Bundimericans. The Bundesliga’s official site is perhaps not an unbiased source when it comes to why the Bundesliga is a good fit for young Americans, but the point remains: it has proven to be in recent years. One of those reasons is fairly obvious:

There are several factors that make the Bundesliga more suitable for American players than Europe’s other top leagues, and one of them is purely administrative: it is easier to get hold of a work permit in Germany than in the UK, where non-EU players are required to have featured in a certain percentage of their country’s recent competitive matches to obtain an endorsement from the English FA.

I wonder if that’ll change when the Brexit fully extricates England from the EU. The British are going to have a ton less access to top European talent (in the way they currently have limited access to American talent), and while that won’t bring about an untimely death of the Premier League, of course, it could certainly help the other four of the Big Five leagues strive to surpass it in global reach.

Of course, our most well-known export to Deutschland in recent years will end his German adventure in the Summer Transfer Window. Christian Pulisic is headed to Chelsea. The style/fit is one thing Pulisic cited for being interested in the move, and how he adjusts to what many consider a higher level of play will be one of next season’s most interesting storylines.

Ayre Force One. Quick quote or two from Nashville MLS CEO Ian Ayre, though the entire article is behind a paywall that’s probably not worthwhile for somebody who’s overseas. The difference between building an MLS club versus heading a Premier League team is obviously a large one. How Ayre navigates it will write the story of the club’s early days.

Speaking of whom, a little bit on how the CEO role was diminished with the hiring of a sporting director, which partially facilitated his departure from Anfield. Ayre announced he was leaving the club no so long after that, and retired even earlier than was scheduled. The personnel on the front-office side – and what he learned about how that should be structured from his trials and tribulations at Liverpool – will be informed by his time there.

Personnel. MLS Multiplex covers the Cameron Lancaster signing. Speedway Soccer has its profile of the USL’s single-season goal-scoring record holder. It’s almost easy to forget how exciting a signing this was, only a couple weeks removed from its announcement.

Another signing (and one that I think was both under-heralded at the time and remains so) is Kharlton Belmar. At least from a fan perspective, seems like it made sense for Sporting KC to unload him to Nashville, to allow Swope Park to give minutes to younger kids. That’s always the intriguing tightrope walk that MLS2 sides between trying to win and trying to develop players for the first team.
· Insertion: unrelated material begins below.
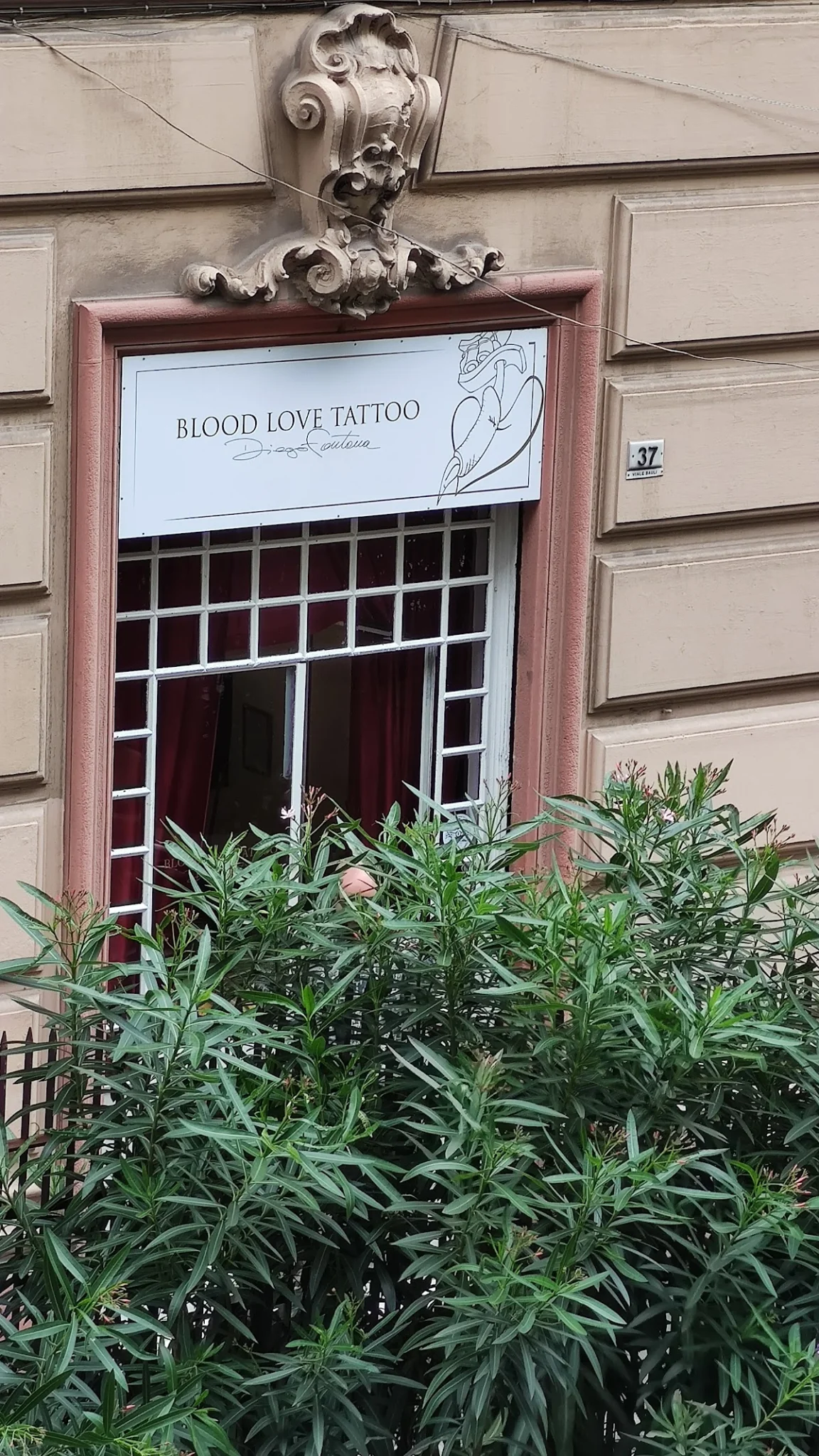Blood Love Tattoo tattoo shop in Genoa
What’s in the USL’s future? The league made vague hand motions toward “pyramid structure” and what that might mean in the long-term when announcing its rebrand, but this story is as definitive as I’ve seen in suggesting (from an official league source) that pro-rel is not only something they’re aware of, but actually interested in, if feasible.

Discussion of a new cup competition that would include all Championship and League One clubs to launch in 2020 has already begun, with long-term potential for promotion and relegation between the two professional divisions.

It remains vague, yes, but does demonstrate a willingness to consider in the long run. Obviously I’ve been a skeptic on the topic, but a limited scope (like between two USL divisions) beginning at a lower level is certainly a path toward a long-term future including promotion and relegation.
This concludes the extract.